Records drawn from a dataset
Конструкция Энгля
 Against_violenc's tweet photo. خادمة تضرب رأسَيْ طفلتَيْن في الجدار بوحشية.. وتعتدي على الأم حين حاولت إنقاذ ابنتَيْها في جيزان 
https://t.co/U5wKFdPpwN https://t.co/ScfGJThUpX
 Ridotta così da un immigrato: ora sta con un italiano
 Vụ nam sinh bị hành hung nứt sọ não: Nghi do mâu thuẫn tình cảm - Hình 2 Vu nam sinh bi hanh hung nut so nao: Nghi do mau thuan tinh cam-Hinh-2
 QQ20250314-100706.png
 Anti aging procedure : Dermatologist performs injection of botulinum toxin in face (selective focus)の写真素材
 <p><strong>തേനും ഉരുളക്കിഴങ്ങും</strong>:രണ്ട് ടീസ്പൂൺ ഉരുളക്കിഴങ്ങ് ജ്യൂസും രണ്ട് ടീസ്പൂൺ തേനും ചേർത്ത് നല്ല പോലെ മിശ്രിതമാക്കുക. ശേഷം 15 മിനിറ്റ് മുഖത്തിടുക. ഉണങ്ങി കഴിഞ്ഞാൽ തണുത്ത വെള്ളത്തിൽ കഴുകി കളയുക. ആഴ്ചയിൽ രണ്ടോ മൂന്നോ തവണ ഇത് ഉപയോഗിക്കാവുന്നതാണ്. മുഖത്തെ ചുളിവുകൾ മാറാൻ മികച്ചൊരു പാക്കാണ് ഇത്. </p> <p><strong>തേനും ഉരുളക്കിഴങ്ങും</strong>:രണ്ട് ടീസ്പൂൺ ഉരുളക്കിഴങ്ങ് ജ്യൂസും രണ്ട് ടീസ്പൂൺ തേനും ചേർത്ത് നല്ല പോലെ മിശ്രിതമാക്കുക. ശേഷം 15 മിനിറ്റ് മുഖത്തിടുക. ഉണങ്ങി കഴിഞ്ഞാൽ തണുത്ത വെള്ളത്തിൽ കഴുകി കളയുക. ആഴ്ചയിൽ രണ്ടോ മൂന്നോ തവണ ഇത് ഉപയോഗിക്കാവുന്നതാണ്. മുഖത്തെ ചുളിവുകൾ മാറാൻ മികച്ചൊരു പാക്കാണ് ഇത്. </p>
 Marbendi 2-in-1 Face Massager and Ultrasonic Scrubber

* **WHAT YOU WILL DO**
Could you set down every record exactly as given?

* **RESPONSE TO THE EXERCISE**
Конструкция Энгля
 Against_violenc's tweet photo. خادمة تضرب رأسَيْ طفلتَيْن في الجدار بوحشية.. وتعتدي على الأم حين حاولت إنقاذ ابنتَيْها في جيزان 
https://t.co/U5wKFdPpwN https://t.co/ScfGJThUpX
 Ridotta così da un immigrato: ora sta con un italiano
 Vụ nam sinh bị hành hung nứt sọ não: Nghi do mâu thuẫn tình cảm - Hình 2 Vu nam sinh bi hanh hung nut so nao: Nghi do mau thuan tinh cam-Hinh-2
 QQ20250314-100706.png
 Anti aging procedure : Dermatologist performs injection of botulinum toxin in face (selective focus)の写真素材
 <p><strong>തേനും ഉരുളക്കിഴങ്ങും</strong>:രണ്ട് ടീസ്പൂൺ ഉരുളക്കിഴങ്ങ് ജ്യൂസും രണ്ട് ടീസ്പൂൺ തേനും ചേർത്ത് നല്ല പോലെ മിശ്രിതമാക്കുക. ശേഷം 15 മിനിറ്റ് മുഖത്തിടുക. ഉണങ്ങി കഴിഞ്ഞാൽ തണുത്ത വെള്ളത്തിൽ കഴുകി കളയുക. ആഴ്ചയിൽ രണ്ടോ മൂന്നോ തവണ ഇത് ഉപയോഗിക്കാവുന്നതാണ്. മുഖത്തെ ചുളിവുകൾ മാറാൻ മികച്ചൊരു പാക്കാണ് ഇത്. </p> <p><strong>തേനും ഉരുളക്കിഴങ്ങും</strong>:രണ്ട് ടീസ്പൂൺ ഉരുളക്കിഴങ്ങ് ജ്യൂസും രണ്ട് ടീസ്പൂൺ തേനും ചേർത്ത് നല്ല പോലെ മിശ്രിതമാക്കുക. ശേഷം 15 മിനിറ്റ് മുഖത്തിടുക. ഉണങ്ങി കഴിഞ്ഞാൽ തണുത്ത വെള്ളത്തിൽ കഴുകി കളയുക. ആഴ്ചയിൽ രണ്ടോ മൂന്നോ തവണ ഇത് ഉപയോഗിക്കാവുന്നതാണ്. മുഖത്തെ ചുളിവുകൾ മാറാൻ മികച്ചൊരു പാക്കാണ് ഇത്. </p>
 Marbendi 2-in-1 Face Massager and Ultrasonic Scrubber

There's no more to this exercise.